Conforme apontou o TechCrunch, boa parte das empresas tem optado cada vez mais por soluções de comunicação que integrem maior número de elementos em um ecossistema dinâmico. Com isso, vê-se um longo e ensaiado adeus a formas de interação hoje quase anacrônicas, tais como emails, conferências por telefone e chats individuais – esta uma necessidade mais pessoal do que corporativa, cobrida atualmente com sobras pelo WhatsApp e seu 1,5 bilhão de usuários.

Conforme ferramentas de comunicação como emails, conferências por telefone e mensagens pessoais caem em desuso, soluções igualmente simples e integradas como a do Slack ganham cada vez mais espaço.

Mas a nova rodada também prova a consolidação do Slack mesmo entre plataformas com propostas semelhantes. Ainda que outros aplicativos existissem mesmo antes de a Slack Technologies surgir para o mundo em 2013, a companhia acabou por arrebanhar pelo menos 65% dos nomes constantes da Fortune 100 (lista com as 100 maiores corporações dos EUA).

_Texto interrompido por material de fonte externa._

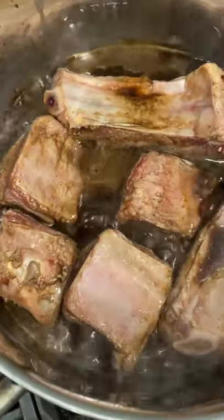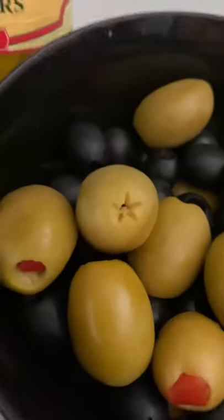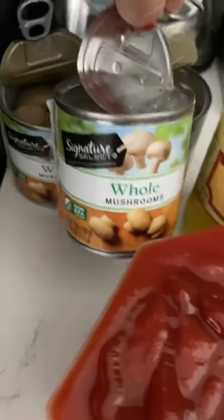Boil the meat for 30 minutes under medium heat, and then add the black and green olives, two to three yellow peppers depending on how spicy you want, a cup of tomato sauce and ketchup, as well as whole canned mushrooms. I love mushrooms, so I use three cans.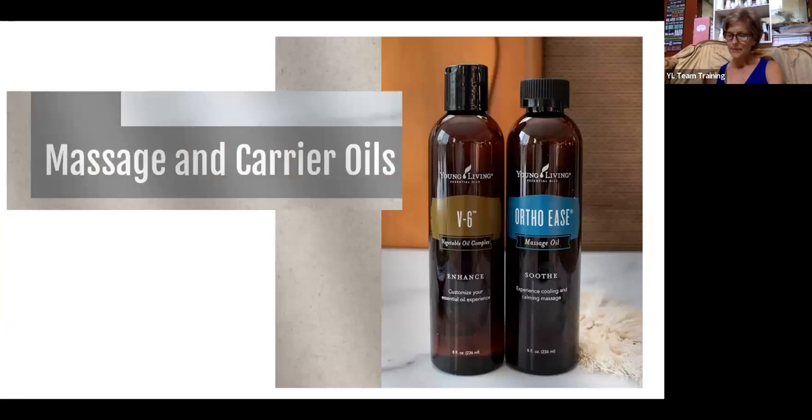The V6 carrier oil contains six different vegetable oils and is absolutely wonderful. The ortho ease massage oil has wintergreen in it and comes with a handy pump. These Young Living products contain no parabens, no phthalates, and no petrochemicals. Lanolin is derived from sheep and can contain GMOs and pesticides. GMOs are often doused with glyphosate, which is an endocrine disruptor. You don't want phthalates and parabens in products you're putting on your skin — what goes on your skin goes in.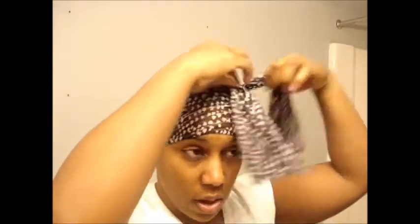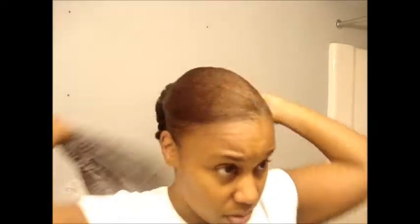Okay, so I'm done twisting my ponytail. I'm going to take this scarf off just so I can pin it, and then I'll put the scarf back on. So that's what it looks like, and I'm just going to use some push pins and try to pin it up — we'll see how it goes.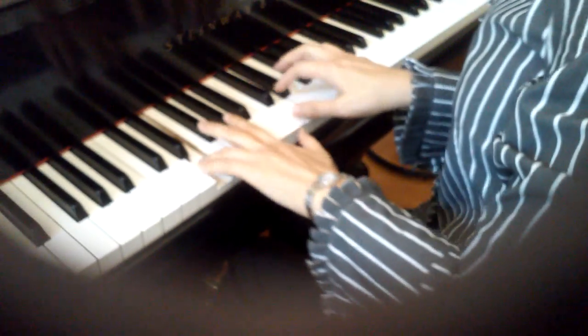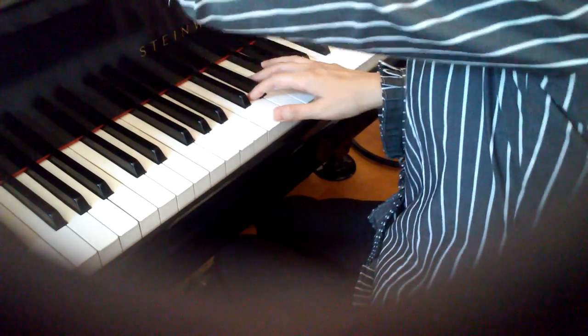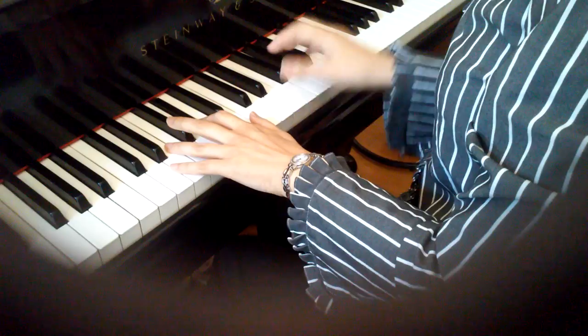Bring it out, and the right hand, you bring it out.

Apenas para citar alguns nomes, há o eBay, a IBM, a Capital One e a 21st Century Fox – com clientes espalhados por mais de 100 países.

Microsoft e Facebook de olho no quinhão

É claro que um nicho tão proeminente não passaria batido aos olhos dos pesos-pesados da tecnologia. Atualmente, gigantes como Microsoft e Facebook estendem cada vez mais seus longos – e bem financiados – braços na direção das soluções comunicacionais corporativas.

“Utilizando sua dominância em softwares empresariais e mecânicas sociais, imprimiram ritmo ao tomar usuários-chave do meio empresarial, os quais preferem optar por soluções que se encaixem de forma mais natural ao que seus empregados já utilizam”, disse o TechCrunch. De fato, apenas a Microsoft já conta mais de 200 mil organizações de envergadura entre seus clientes pagantes – em que aparecem nomes como o do Walmart, por exemplo.

Seja como for, a simplicidade mais “direto ao ponto” ainda parece garantir alguma vantagem ao aplicativo. Afinal, diferentemente das concorrentes, a Slack funda seu ecossistema na necessidade vital da comunicação e parte daí para formar seu ecossistema – diferentemente do que ocorre em aplicações mais complexas. E ainda que a esperada IPO (oferta pública inicial) não tenha vindo neste ano, a recente aquisição do Hipchat e do Stride indicam novos crescimentos e briga boa para o futuro.